--- Task statement ---
Could you filter the data below down to the lines that hold the word "Gold"?

--- Material for this task ---
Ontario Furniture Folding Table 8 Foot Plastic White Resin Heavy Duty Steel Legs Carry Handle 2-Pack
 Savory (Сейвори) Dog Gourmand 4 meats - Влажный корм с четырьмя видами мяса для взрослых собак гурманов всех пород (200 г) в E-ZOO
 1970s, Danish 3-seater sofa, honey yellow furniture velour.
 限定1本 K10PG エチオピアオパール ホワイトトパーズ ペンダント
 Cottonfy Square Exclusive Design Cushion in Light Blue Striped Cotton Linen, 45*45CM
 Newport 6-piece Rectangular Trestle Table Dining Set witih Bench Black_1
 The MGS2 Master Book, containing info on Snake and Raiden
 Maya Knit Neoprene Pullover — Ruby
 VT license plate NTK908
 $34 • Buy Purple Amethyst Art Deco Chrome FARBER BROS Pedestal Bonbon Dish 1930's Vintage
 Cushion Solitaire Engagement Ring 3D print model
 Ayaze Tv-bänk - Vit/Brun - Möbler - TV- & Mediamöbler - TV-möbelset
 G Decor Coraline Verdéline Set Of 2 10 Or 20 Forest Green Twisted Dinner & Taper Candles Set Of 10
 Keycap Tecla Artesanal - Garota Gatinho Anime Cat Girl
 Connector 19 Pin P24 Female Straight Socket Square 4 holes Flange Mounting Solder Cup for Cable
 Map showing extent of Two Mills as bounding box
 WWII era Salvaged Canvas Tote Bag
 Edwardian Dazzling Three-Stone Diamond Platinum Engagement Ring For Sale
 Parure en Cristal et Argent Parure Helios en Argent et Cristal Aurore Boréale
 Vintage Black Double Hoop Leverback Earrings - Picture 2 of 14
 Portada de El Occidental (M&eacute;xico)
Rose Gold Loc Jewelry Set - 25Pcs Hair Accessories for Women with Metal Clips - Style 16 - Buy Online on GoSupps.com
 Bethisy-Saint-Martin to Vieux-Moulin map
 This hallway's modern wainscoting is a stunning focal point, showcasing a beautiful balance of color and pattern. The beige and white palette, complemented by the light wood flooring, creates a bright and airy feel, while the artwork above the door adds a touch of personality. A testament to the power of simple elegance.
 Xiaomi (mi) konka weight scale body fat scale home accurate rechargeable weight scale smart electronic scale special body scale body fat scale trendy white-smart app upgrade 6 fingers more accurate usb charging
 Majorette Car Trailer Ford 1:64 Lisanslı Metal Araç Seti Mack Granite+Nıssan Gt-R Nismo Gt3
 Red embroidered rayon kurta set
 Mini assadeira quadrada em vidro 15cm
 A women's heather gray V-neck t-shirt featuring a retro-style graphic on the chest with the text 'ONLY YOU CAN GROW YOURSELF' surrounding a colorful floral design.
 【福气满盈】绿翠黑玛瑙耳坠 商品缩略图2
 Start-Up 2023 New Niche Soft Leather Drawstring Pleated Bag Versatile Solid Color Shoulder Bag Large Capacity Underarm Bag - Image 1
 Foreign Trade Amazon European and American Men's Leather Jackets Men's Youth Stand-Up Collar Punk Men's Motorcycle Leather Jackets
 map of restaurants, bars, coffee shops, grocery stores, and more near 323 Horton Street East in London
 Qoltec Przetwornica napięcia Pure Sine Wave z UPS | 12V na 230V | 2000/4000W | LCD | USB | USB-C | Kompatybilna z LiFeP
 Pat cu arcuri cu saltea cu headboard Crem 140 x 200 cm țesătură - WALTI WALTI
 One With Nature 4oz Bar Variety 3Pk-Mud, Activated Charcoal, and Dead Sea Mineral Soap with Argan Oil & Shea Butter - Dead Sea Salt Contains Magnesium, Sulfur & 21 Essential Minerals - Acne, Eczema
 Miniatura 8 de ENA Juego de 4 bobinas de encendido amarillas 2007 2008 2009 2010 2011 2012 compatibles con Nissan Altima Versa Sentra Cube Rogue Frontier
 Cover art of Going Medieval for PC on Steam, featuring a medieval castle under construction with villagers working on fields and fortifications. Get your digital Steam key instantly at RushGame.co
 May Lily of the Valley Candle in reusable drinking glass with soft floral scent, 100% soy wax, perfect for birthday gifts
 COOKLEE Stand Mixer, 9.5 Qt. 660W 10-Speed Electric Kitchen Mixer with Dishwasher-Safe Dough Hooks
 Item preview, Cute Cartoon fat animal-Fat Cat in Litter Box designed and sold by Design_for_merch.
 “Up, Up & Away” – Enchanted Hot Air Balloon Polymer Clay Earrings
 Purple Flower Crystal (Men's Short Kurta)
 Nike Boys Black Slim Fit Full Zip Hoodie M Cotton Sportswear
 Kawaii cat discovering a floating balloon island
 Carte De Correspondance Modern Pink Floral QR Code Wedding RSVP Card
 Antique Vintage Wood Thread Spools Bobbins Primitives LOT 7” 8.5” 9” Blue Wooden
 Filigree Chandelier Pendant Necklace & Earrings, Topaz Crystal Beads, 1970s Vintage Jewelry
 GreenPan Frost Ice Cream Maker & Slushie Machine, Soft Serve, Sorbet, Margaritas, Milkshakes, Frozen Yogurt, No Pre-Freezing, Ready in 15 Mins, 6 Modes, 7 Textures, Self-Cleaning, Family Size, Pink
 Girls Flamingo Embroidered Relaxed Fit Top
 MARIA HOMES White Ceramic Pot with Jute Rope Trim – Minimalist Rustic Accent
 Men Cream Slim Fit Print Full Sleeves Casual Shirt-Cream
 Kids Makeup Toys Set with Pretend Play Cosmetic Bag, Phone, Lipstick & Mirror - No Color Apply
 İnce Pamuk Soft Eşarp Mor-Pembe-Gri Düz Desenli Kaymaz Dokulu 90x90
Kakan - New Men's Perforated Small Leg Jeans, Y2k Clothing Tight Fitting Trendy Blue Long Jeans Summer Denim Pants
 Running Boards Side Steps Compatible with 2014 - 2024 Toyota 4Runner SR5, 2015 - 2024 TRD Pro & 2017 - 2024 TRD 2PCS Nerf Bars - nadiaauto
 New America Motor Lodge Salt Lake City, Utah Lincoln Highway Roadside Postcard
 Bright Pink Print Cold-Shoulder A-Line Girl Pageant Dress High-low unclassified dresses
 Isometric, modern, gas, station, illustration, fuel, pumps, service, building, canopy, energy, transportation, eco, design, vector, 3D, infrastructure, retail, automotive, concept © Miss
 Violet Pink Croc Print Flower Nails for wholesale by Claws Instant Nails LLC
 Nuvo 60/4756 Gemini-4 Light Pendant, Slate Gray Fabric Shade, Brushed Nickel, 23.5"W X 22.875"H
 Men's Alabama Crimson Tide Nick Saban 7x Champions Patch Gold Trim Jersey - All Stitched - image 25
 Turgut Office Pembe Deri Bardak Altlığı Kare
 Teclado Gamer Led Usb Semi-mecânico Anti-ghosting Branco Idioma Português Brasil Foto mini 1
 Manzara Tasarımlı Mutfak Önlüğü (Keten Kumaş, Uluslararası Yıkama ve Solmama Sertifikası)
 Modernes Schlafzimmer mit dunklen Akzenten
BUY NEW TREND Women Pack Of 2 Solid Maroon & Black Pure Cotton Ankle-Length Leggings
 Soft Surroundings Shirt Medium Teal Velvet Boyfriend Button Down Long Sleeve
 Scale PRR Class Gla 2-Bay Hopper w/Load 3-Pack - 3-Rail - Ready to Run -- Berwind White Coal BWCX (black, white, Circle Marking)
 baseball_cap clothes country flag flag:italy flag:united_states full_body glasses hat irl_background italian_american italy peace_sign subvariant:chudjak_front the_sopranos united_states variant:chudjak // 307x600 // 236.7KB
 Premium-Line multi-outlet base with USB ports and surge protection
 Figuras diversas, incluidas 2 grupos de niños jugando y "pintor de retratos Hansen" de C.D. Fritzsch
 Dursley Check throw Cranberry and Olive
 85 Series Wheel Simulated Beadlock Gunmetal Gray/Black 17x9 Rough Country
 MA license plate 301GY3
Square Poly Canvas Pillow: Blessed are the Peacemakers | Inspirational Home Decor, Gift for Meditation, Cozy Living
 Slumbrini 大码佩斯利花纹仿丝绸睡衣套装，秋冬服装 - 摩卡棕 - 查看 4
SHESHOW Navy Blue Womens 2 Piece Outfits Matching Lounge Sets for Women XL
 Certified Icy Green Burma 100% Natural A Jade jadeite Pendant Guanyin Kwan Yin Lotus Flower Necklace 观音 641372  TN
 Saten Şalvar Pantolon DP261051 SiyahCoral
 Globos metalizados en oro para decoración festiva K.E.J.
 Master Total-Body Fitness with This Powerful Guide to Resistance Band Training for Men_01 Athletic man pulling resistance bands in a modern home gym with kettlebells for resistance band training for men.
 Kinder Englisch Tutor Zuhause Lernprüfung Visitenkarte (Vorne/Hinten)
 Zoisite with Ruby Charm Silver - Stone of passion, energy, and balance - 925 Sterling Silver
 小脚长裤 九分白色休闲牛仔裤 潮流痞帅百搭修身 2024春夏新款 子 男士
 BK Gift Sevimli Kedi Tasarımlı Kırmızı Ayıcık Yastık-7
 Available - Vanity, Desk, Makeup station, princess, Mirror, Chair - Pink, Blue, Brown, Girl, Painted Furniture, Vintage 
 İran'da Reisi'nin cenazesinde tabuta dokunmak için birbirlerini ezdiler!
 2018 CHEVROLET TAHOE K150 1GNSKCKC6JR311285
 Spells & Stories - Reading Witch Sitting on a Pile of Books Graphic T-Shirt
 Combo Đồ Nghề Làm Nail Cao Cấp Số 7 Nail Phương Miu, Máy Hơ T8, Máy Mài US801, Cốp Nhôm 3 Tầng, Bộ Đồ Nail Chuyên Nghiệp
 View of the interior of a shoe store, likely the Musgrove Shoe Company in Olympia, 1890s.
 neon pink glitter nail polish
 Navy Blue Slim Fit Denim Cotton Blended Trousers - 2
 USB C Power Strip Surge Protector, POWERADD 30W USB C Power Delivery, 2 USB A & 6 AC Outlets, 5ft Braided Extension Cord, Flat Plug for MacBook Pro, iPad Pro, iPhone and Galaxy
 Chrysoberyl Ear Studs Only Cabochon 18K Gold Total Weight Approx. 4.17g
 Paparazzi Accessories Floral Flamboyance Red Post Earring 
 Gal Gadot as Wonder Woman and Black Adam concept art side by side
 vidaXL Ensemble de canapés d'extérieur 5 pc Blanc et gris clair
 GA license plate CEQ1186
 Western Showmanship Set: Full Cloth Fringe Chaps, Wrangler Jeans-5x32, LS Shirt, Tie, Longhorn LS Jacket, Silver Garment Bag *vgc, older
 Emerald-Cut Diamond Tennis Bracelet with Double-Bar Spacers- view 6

--- Answer box ---
Rose Gold Loc Jewelry Set - 25Pcs Hair Accessories for Women with Metal Clips - Style 16 - Buy Online on GoSupps.com
 Men's Alabama Crimson Tide Nick Saban 7x Champions Patch Gold Trim Jersey - All Stitched - image 25
 Chrysoberyl Ear Studs Only Cabochon 18K Gold Total Weight Approx. 4.17g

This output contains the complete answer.